China's state assets watchdog is set to ban state-owned enterprise (SOE) employees, particularly management staff, from owning shares in SOE affiliates and subsidiaries, in a move seen as an attempt to stop state assets ending up in private hands.

The measure was a crackdown on speculation by SOE management on SOE reform, through irregularities in management buyouts, and would prevent losses of state assets, Zuo Daguang, director of the watchdog's Liaoning branch, told Xinhua on Thursday.

"Staff, particularly middle and senior management, are forbidden to invest in companies that provide the SOEs with fuel, raw and auxiliary materials, equipment and spare parts," said the State-owned Assets Supervision and Management Commission (SASAC).

The prohibition extended to companies that provided design, construction, maintenance, sales and intermediary services for SOEs.

Staff investment is also banned in companies involved in business similar to that of the SOEs, according to the proposals on regulating SOE employees' shareholding and investment, published by SASAC on Wednesday.

The SASAC also highlighted in the new rules that the SOE staff could in principle only hold equities of their own companies, not subsidiaries or other SOE-invested businesses.

The regulations did not apply to listed companies mainly held by the State.

In order to contain insider-control and state-owned assets losses, SASAC and the Ministry of Finance jointly issued a document in April 2005, forbidding management boyouts of large SOEs.

SOE management ownership of equities in affiliates, subsidiaries and SOE-invested companies has led to problems, such as executives procuring products or services of those businesses at prices unreasonably higher than the market price, resulting in "state-owned assets losses in disguise", said Zuo Daguang.

Public discontent with state assets losses and privatization has been in rumbling on since the SOE reforms were launched three decades ago.

Last March, the SASAC issued similar proposals specifically designed to regulate employee shareholdings in power generating SOEs.

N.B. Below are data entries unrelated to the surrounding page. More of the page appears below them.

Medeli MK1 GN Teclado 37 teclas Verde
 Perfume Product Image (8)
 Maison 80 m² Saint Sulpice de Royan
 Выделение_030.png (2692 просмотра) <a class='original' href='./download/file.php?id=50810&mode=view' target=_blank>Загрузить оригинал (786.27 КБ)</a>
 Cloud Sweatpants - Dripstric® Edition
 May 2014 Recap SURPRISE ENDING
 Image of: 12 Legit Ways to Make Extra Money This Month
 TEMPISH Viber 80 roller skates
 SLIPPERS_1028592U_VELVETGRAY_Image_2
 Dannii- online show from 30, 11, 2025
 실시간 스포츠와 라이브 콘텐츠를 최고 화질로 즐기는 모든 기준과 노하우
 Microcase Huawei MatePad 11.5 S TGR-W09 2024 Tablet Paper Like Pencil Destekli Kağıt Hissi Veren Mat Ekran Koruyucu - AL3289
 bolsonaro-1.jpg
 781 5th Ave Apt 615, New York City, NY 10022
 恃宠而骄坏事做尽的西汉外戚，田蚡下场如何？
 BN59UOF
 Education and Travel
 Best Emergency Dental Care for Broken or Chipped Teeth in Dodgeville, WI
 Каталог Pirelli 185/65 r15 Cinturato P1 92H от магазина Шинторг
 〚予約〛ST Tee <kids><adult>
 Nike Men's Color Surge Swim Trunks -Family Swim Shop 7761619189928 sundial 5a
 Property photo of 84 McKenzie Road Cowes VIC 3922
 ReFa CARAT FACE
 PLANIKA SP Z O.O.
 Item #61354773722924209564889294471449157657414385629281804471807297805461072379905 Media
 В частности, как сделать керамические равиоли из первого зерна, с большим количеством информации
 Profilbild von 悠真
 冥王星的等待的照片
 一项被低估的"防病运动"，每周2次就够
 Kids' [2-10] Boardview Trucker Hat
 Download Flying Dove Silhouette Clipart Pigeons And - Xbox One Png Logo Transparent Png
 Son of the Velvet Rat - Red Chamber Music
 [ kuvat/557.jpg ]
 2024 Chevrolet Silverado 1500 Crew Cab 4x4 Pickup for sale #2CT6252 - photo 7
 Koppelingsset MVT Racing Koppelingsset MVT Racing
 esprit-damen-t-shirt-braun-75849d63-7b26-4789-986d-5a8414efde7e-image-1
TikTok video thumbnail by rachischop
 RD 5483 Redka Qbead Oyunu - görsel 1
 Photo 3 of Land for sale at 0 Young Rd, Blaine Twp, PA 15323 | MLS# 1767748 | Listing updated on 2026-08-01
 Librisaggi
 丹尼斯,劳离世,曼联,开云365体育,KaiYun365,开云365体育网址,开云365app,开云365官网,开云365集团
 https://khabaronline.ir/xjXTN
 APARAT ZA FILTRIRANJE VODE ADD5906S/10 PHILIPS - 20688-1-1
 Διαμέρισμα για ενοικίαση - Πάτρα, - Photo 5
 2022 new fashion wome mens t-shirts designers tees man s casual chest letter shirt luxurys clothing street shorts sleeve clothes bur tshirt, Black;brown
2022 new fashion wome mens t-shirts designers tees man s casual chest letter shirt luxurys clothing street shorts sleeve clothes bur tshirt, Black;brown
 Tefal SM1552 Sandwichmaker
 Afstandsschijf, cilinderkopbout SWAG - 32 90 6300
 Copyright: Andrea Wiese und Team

The proposals said such SOEs were to be the first to buy shares transferred by their staff.

But uncertainties over the enforcement of the regulations and the definition of senior and middle management could continue to puzzle state assets supervisors, said a SASAC research center expert who declined to be named.

According to the new document, SOE senior and middle management are required to transfer such shares or resign from the posts within a year of the publication of the new rules, but the new rules prescribe no penalties for failing to comply.

The proposals encouraged employees of small and medium-sized SOEs to own shares of the SOEs, a move that has been contemplated for more than a decade to help smaller firms out of debt and push them into competition.

But they stipulate that employee stakes in large SOEs should be minority shareholdings to maintain their nature of state ownership. Large SOEs, particularly the 147 giants reporting to the central government, include industries crucial to state security and national economy, including petroleum and petrochemical, power and telecommunications.